AHT: Waiting for the outrage from NOM over marriage being other than one man, one woman! OH WAIT that's not gonna happen the Mormon's are bankrolling them!
There could not be a stranger moment in time. Amidst the excitement
and celebration of the fifteenth and sixteenth states to pass marriage
equality, and the historic passing of the Employment Non-Discrimination
Act (ENDA) through the U.S. Senate, in the remote Western state of Utah,
a federal District Court judge has just ruled part of that state’s ban
on polygamy is unconstitutional.
The 91 page ruling from Judge Clark Waddoups marks the first time ever a United States judge has sided on the side of polygamy.
Jonathan Turley, lead counsel in the case brought forward by the
stars of the TLC show “Sister Wives,” announced the ruling Friday in a blog post, calling it a victory equivalent to Brown v. Board of Education, and Lawrence v. Texas.
And here I am, left wondering if the comparisons between polygamy and
the hard-fought freedoms the LGBT community has recently achieved are
actually comparable.
We’ve heard the comparisons for years, “Gay Marriage leads to
polygamy, bestiality and pedophilia!” How many times have those words
dripped from the mouths of people like Brian Brown, Tony Perkins, Peter
LaBarbera, and Rick Warren?
The potential legalization of polygamy calls into question everything
we know and think of in marriage. The very thought of polygamy is rank
with images of 55-year old men marrying 12-year old girls, of trapped
teenagers beaten and killed for trying to escape polygamist compounds in
the deserts of Utah and Texas.
So what are the implications of this ruling? Is it going to become
the latest sideshow for those culture warriors against equality to hold
up as supposed proof that they were right?

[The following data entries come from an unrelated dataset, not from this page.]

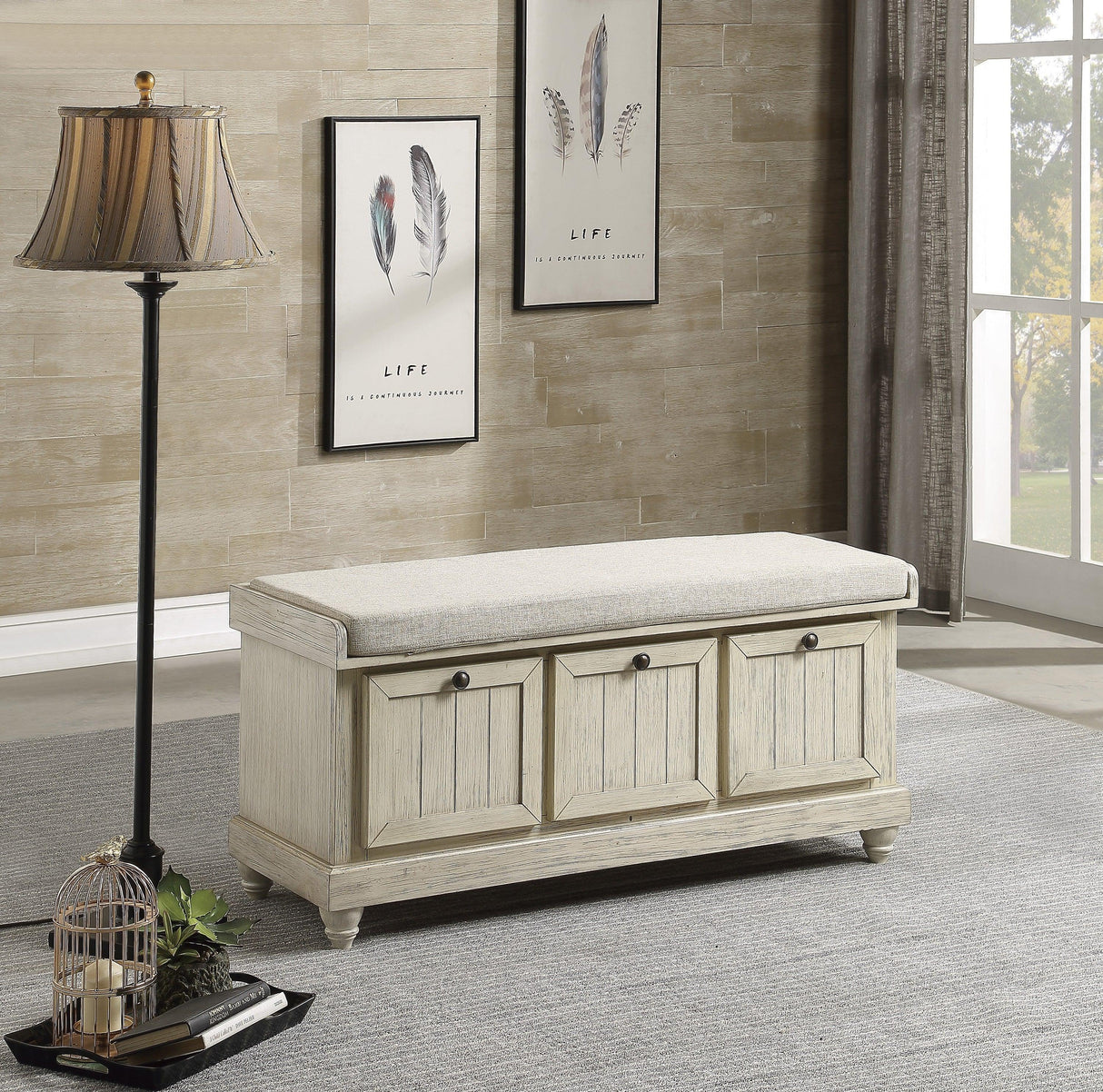 Woodwell Antique White Lift Top Storage Bench by Homelegance at Eve Furniture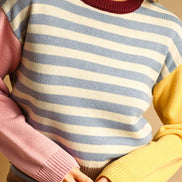 T7599ST   STRIPE WITH MULTI COLOR KNIT TOP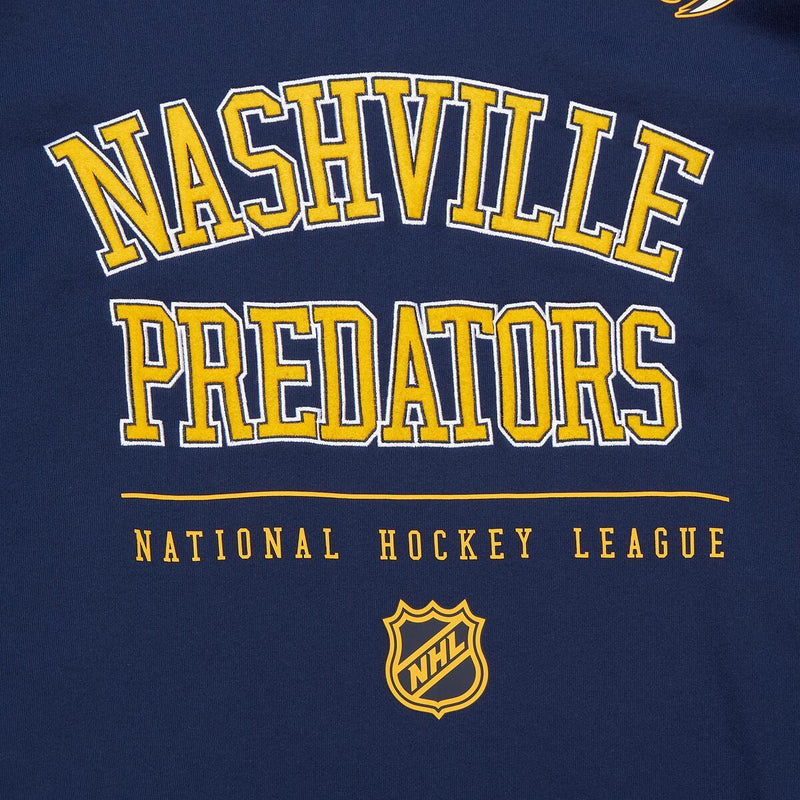 NHL RETRO FLEECE HOODIE CURRENT LOGO PREDATORS Navy TH8078-NPRNAVY - Image 4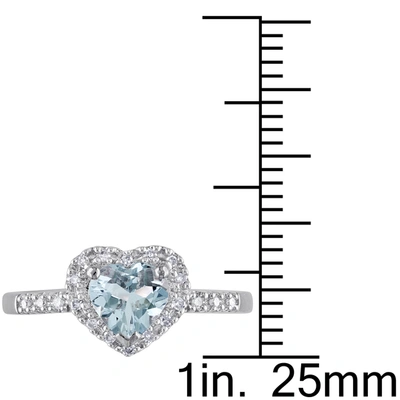 Mimi & Max 1/10ct Tdw Diamond And Aquamarine Heart Halo Ring In Sterling Silver In Blue
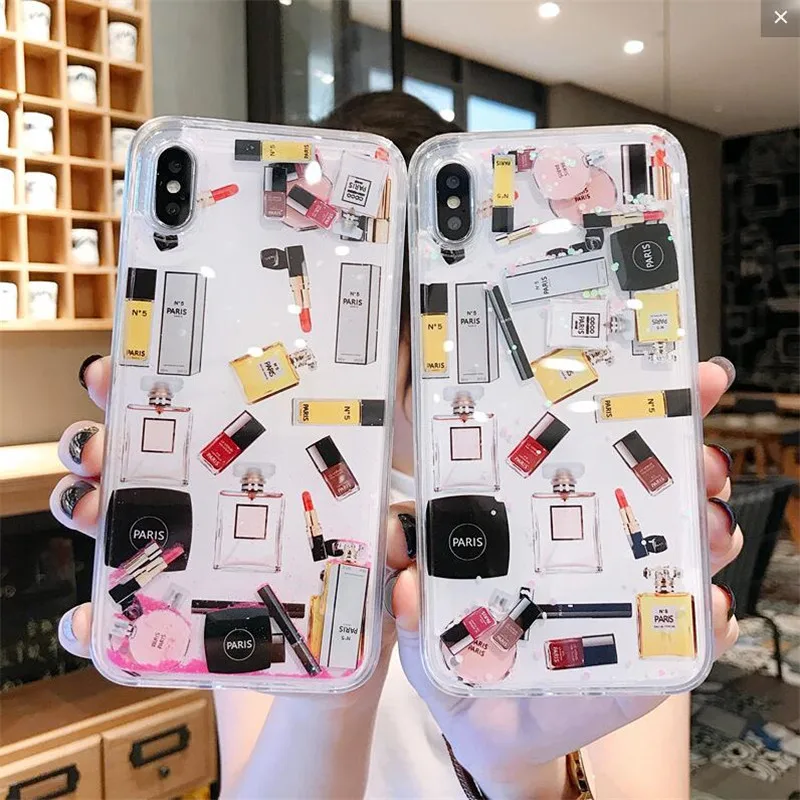 

DISCASE - Case For iPhone X 7 8 Plus Xs Max Xr Hard Plastic Cover For iPhone X 6 6s Plus Dynamic liquid Capa ipone Coque Capinha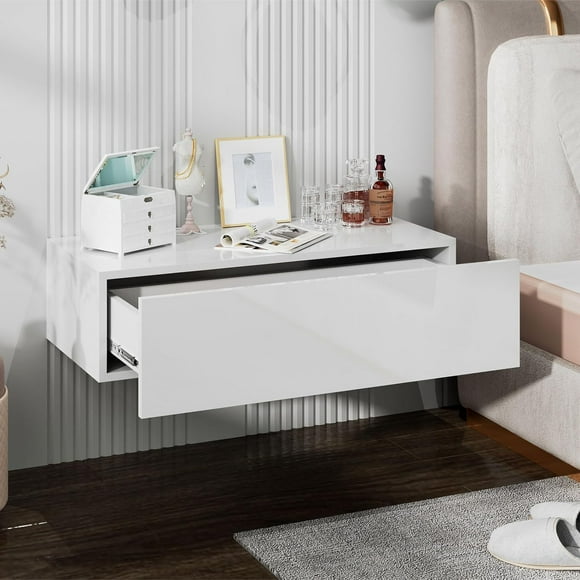 White Modern Floating Wall Mounted Nightstand with Drawer Storage Wood Bedside Table Small Wall Shelf for Bedroom Living Room Office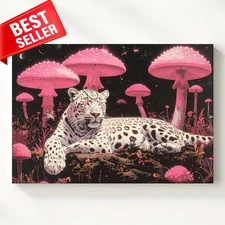 Canvas Cosmic Leopard Wall Art Dreamscape Fantasy Jungle Psychedelic Lounging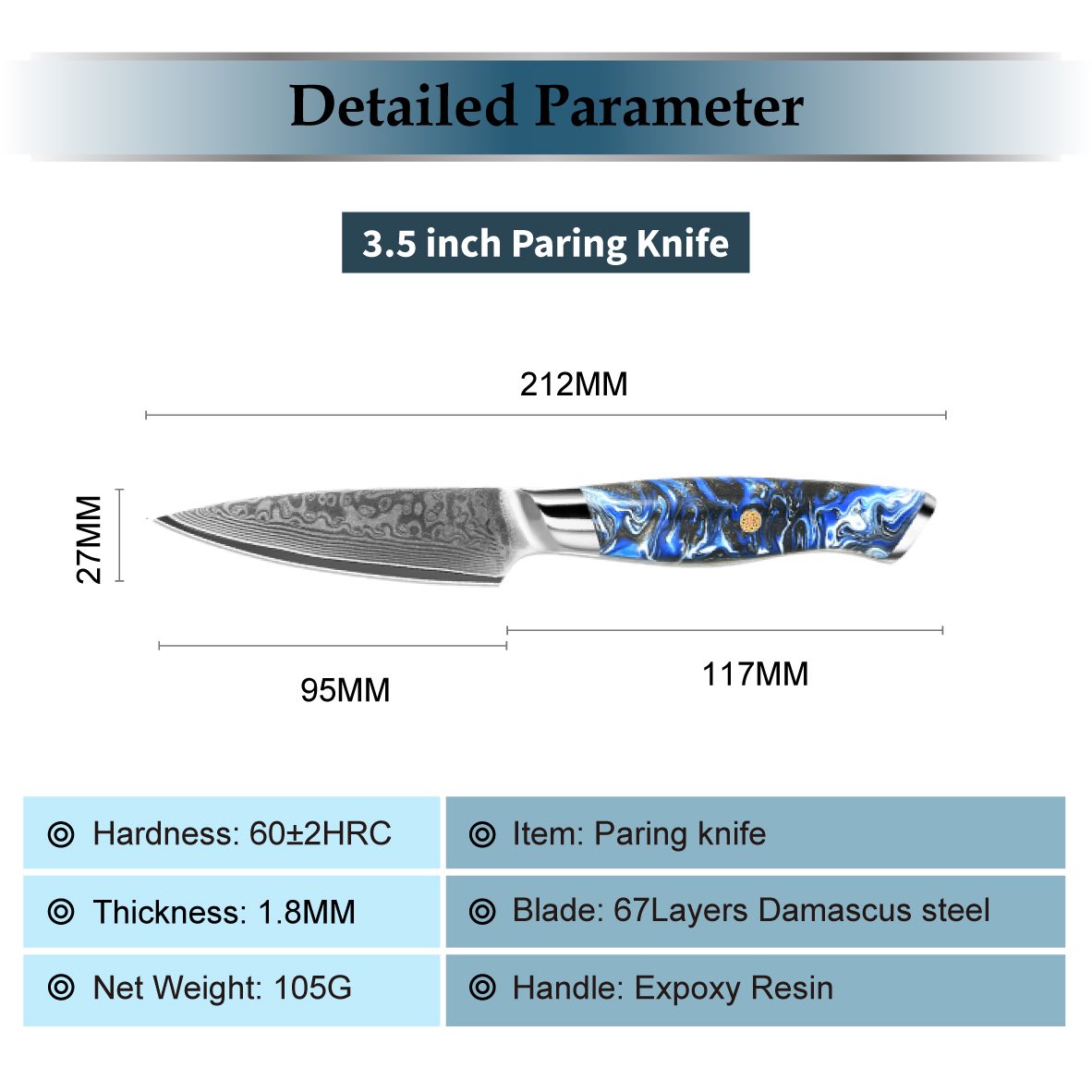 Suraisu 5-Piece Kitchen Knife Set - Chef | Bread | Santoku | Paring Knife - Starry Night Collection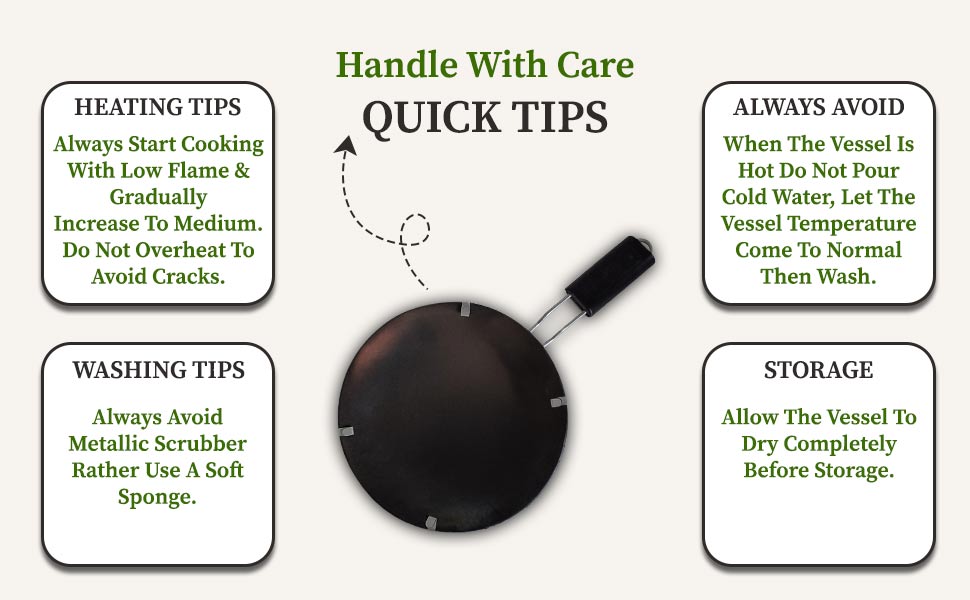 Quick care tips of black mud tawa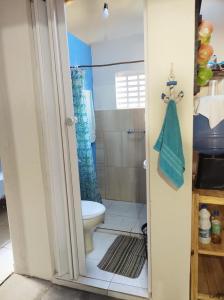 a bathroom with a toilet and a shower at Casa Mar in Baía Formosa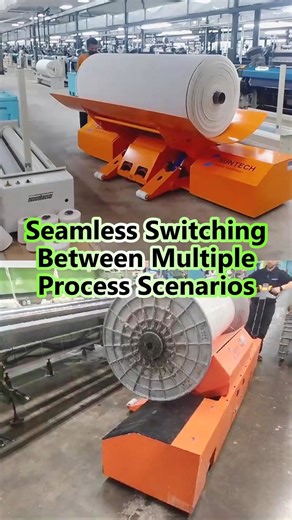 Seamless switching between multiple process scenarios, improves the utilization rate of workshop equipment. #textilemachinery #automated #electrictruck #SUNTECH #materialhandling | Suntech Automation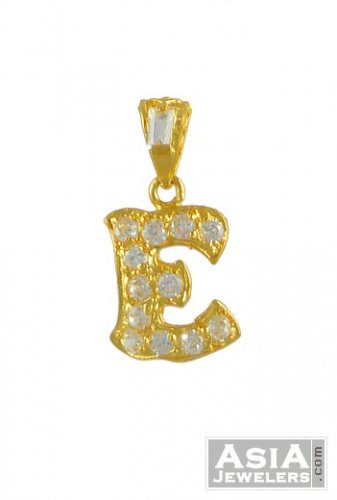 Gold CZ (E) Pendant 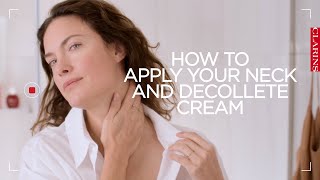 How to apply your neck and decollete cream  Clarins [upl. by Elspet152]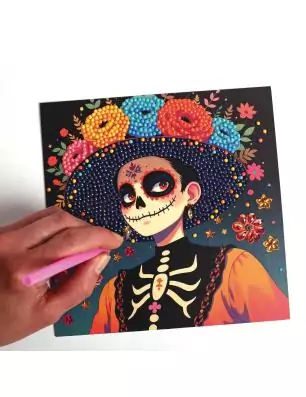 ENFANTS : Cartes à strasser 'Graine créative' Dia de los muertos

To put it plainly, yes it is.
What’s important to remember are the simple and fundamental truths.
The struggle for same-sex marriage has only been, and will continue to
only be about one thing: equality—that joyful little word that fills our
hearts and keeps us pushing. It’s about leveling the playing field and
being able to say without any doubt that no other human being in our
country has rights that we do not. We were born Gay, or Lesbian, or
Bisexual, or Trans*, and we will always be so. We have every bit the
same right to marry the person we fall in love with that our neighbors
have.
Polygamy? It’s not an innate characteristic, it’s a choice. The
struggle for polygamy is not about equality, but about privacy. It’s a
fight to keep government away from the choices of consenting adults.
It’s an important distinction to make.
Honestly, I don’t know how I feel about polygamy. On one hand I’ve
always felt that the government shouldn’t be in the business of
legitimizing or sanctifying any marriages. On the other hand, polygamy
actually is a redefinition of marriage, and frequently used as an excuse for abuse and persecution of women and children.
But however you feel about it, as the nation no-doubt erupts in
Utah/Mormon/Polygamy jokes over the next few days, it’s important to
speak out about the differences between equality and privacy.
We only want what everyone else already has. Nothing more, and certainly nothing less.